В комсомоле с четырнадцати лет, в партии с восемнадцати. С шестнадцати лет на ткацкой фабрике аппретурщицей, размеряльщицей и настильщицей. Так, а кто она в период знакомства с Шахуриным? Студентка инженерно-технической академии – там, скорее всего, и познакомились. Потом, ух ты, директор производства в доме заключенных, швейные мастерские с перерывами на временную пенсию и болезни на полтора-два года. С начала войны не работала. Пока не погиб сын.
Да, князья тридцатых годов получали жену-еврейку с неотвратимостью положенного, как дачу, автомобиль и телефонный аппарат для связи с Кремлем, прозванный «вертушкой», – еврейки чем-то выделялись в истощенном эмиграцией женском культурном слое.
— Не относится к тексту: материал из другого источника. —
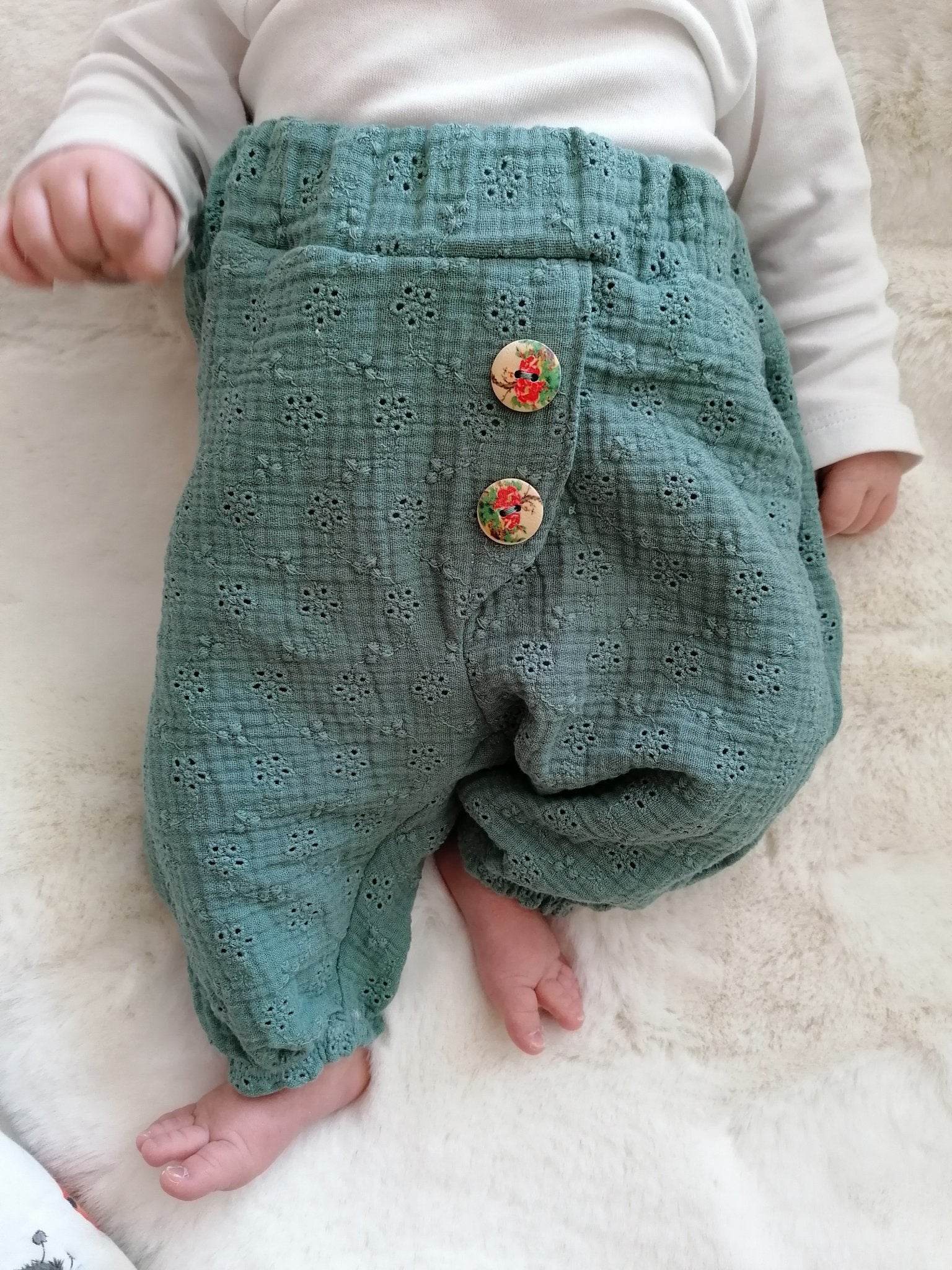 Schnittmuster Kinderhose Sollys Gr. 56-140 - Sewando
Профессиональные антисемиты составили длинные таблицы родоплеменных связей императорских слуг (Бухарин, Молотов, Киров, Калинин, Рыков, Андреев, Поскребышев, Буденный, Яков Сталин и мн. др.), густо засадив их Полинами Абрамовнами, Аннами Мироновнами и Раисами Иосифовнами (урожденными Зунделевич), и перечеркали пересекающимися стрелками (евреек не хватало, и некоторые примерили не одну фамилию членов Совета Народных Комиссаров), разоблачая происки «мировой закулисы». Но предвоенные казни таблицу опустошили, а в войну император ввел моду на русских круглолицых и глупых домохозяек, бывших подавальщиц гарнизонных столовых и медсестер.